J’ignorais aussi pour les monuments, j’ai pourtant à un moment été assez souvent du côté de Comines mais je ne savais absolument pas à l’époque. À mon prochain passage j’irai faire un tour, je ne suis pas trop loin 😉
Un détail me plaît, ce score de 3-2 pour les Allemands.. En général il me rappellerait plutôt un souvenir délétère, aka cette crapule de Rötlisberger en 94, mais ici il a ceci de bon que – et c’est une version de l’Histoire qu’ont promue pas mal d’auteurs (parfois prestigieux!) – il est assez commun de lire que c’est à l’occasion de ces joutes entre Brits et Allemands que ces derniers auraient vraiment pris goût au football……….dont que dire sinon « Lol »..??
Certes : l’establishment teuton ne goûtait vraiment ce sport brit’.. Certes il y privilégiait plutôt sa gymnastique sportive, le « Turn »….et cependant : évidemment qu’on jouait massivement au football en Allemagne pré-WW1!!!, et évidemment qu’il s’y pressait du monde pour voir ces joueurs!!, allez-y voir les photo et vidéo que j’avais proposées ici ( https://www.pinte2foot.com/article/lami-de-herberger )……

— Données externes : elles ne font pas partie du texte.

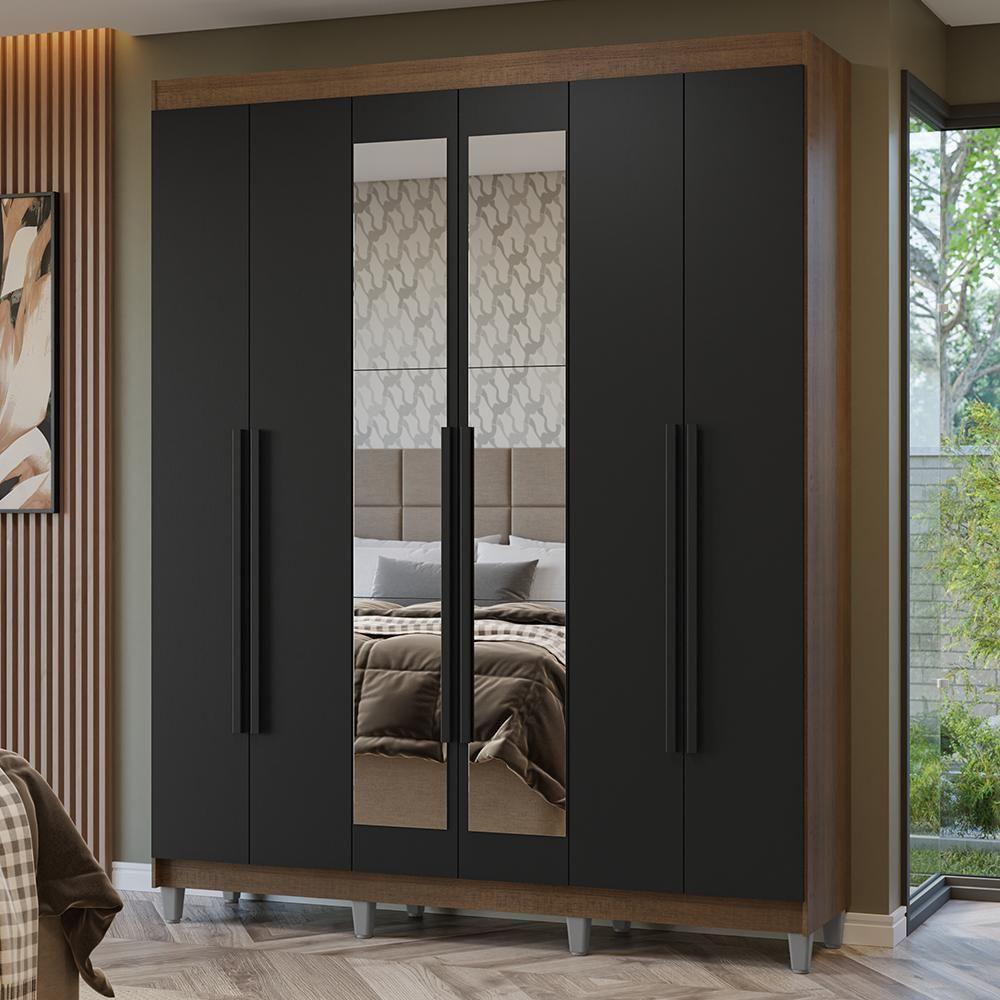 Guarda-roupa Casal Com Pés 6 Portas Batentes Com Espelho Rustic-preto-preto Netuno Madesa - 1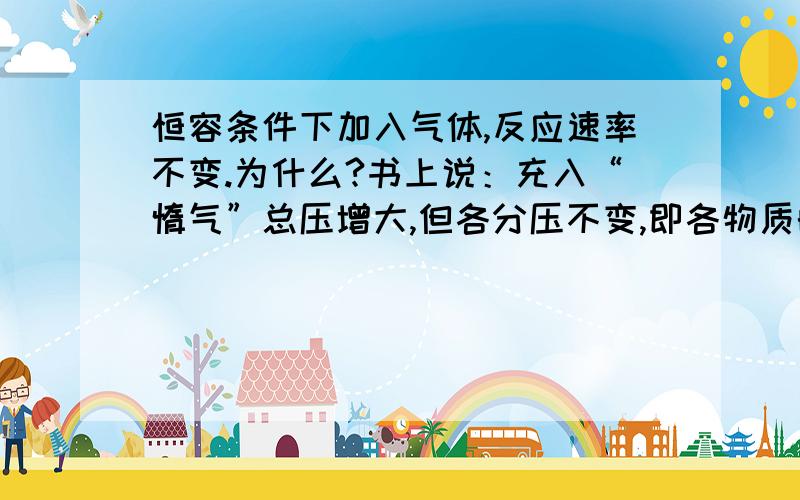 恒容条件下加入气体,反应速率不变.为什么?书上说：充入“惰气”总压增大,但各分压不变,即各物质的浓度不变,反应速率不变.我想如果有气体充进去,那么反应物气体应该会收到压缩导致V减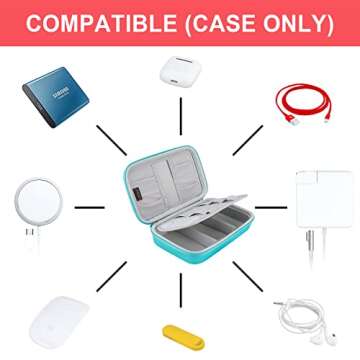 Hard Electronic Organizer Travel Case Electronics Accessories Cable Gadget Wire Storage Bag Double Layer Shockproof Box for Charger, Cord, Flash Drive, Apple Pencil, Power Bank, Turquoise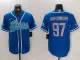 Men's Detroit Lions #97 Aidan Hutchinson Blue Cool Base Stitched Baseball Jersey
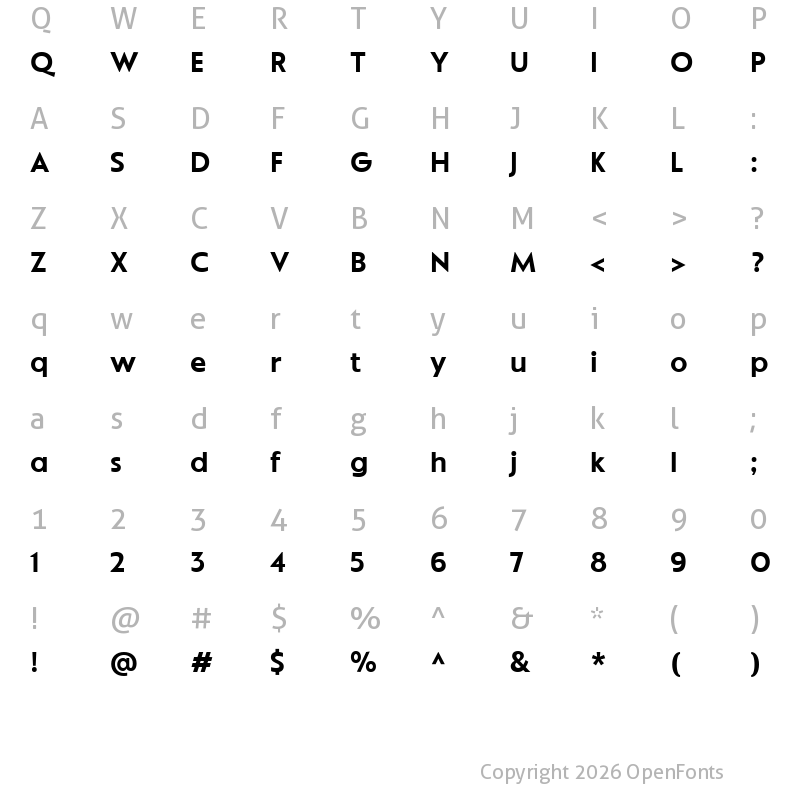 Character Map of Gilsock Regular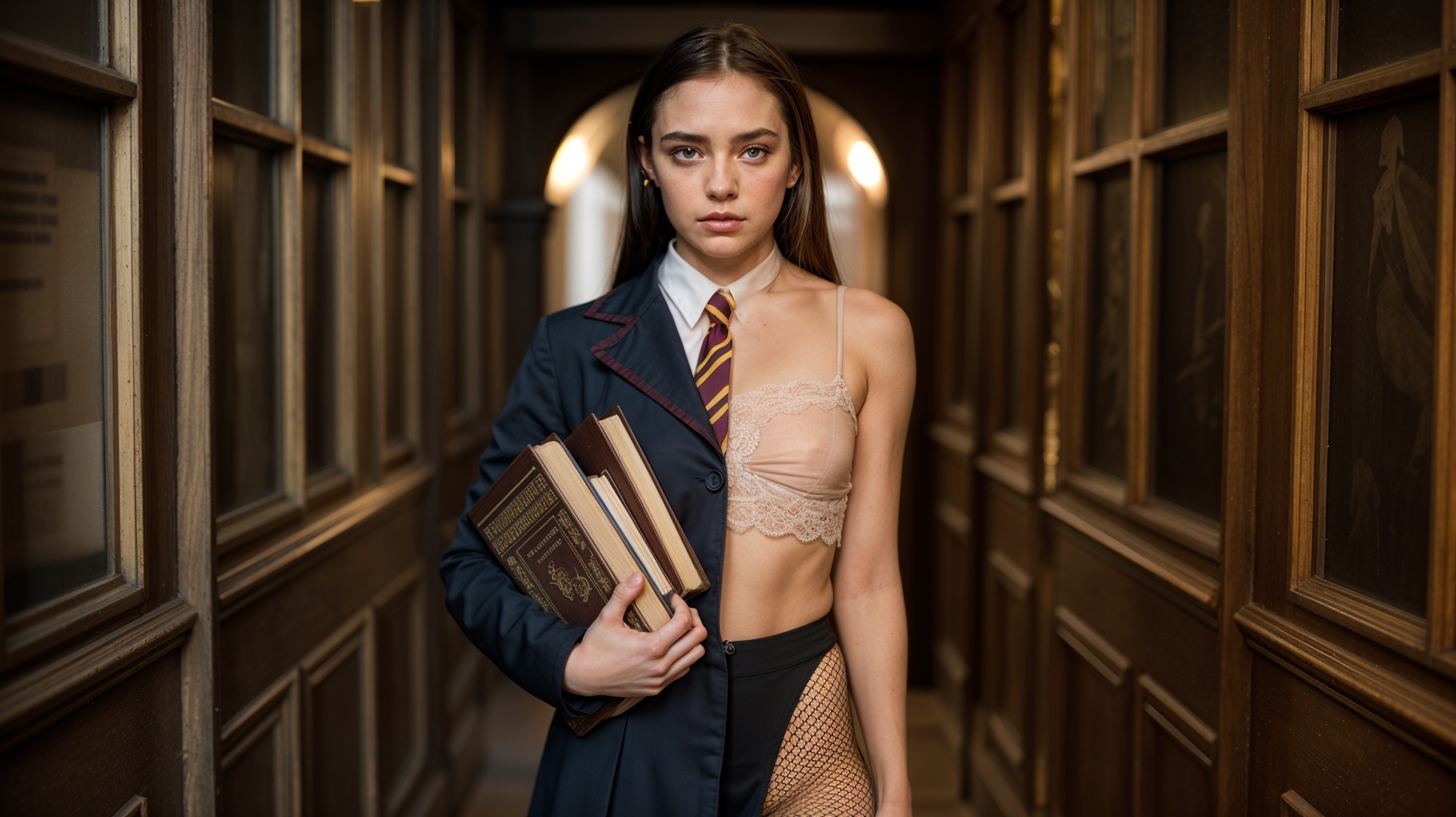 Model in Formal Attire with Books in Dim Corridor
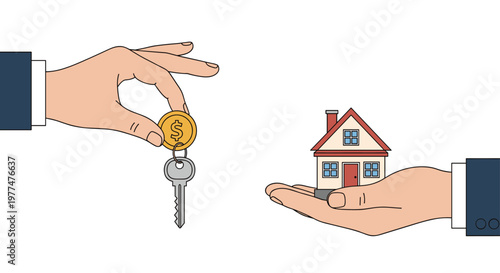 Real estate property transaction showing hand passing house key and coin to another hand for mortgage loan or home buying and selling.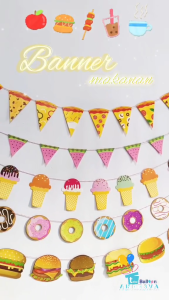 Bunting Flag Pizza / Banner Makanan / Banner Food / Banner Pizza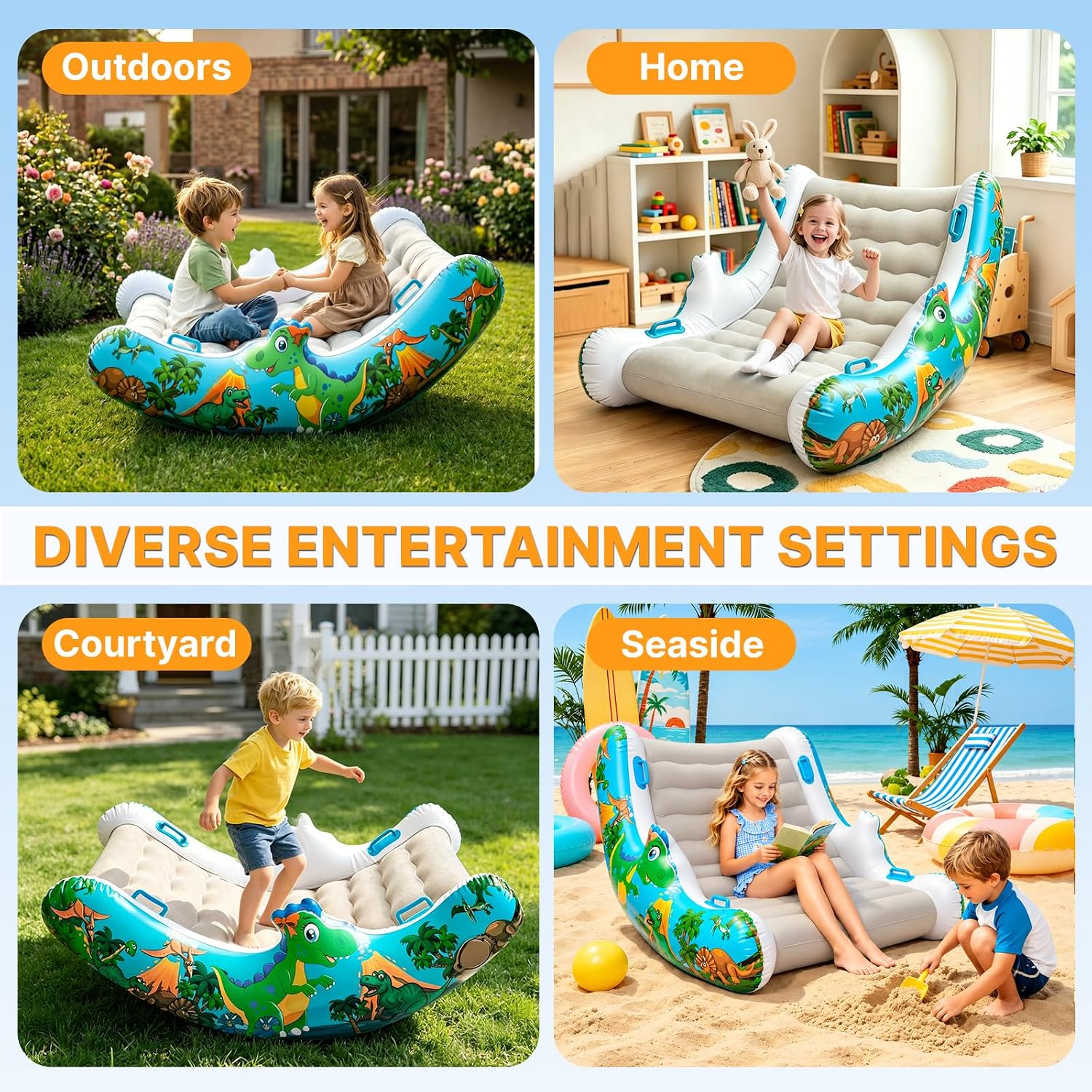 Sensory Inflatable Rocking Chair-Toddler Inflatable Rocking Chair for Sensory Needs, ADHD & Calming, Built in dual function air pump, Autism Sensory Products for Sensory Room, Ideal Gift for BoysGirls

Et cependant, oui : des auteurs affirmèrent que le succès du football, en Allemagne, procédait de ces matchs/trêves de Noël?? Je ne citerai pas de noms, mais.. Me borner à dire que je ne sais ce qui fut le plus ridicule de tout cela, on a le choix :
Les lunettes grossissantes avec lesquelles l’on voulût voir le soft-power paranoïaque allemand?
Quelque apologie de la force intrinsèque prêtée via ce sport au libéralisme UK, qui forcément dût vaincre les réticences culturelles de cette Allemagne forcément ratatinée sur elle-même?
Ou l’idée que ces quelques matchs eurent plus d’impact sur la troupaille puis la populace allemandes…………que les quatre années d’occupation d’une Belgique où le football était largement pratiqué, partout, depuis deux bonnes générations?
Le fait est que l’idée était (et reste – elle est populaire) grotesque.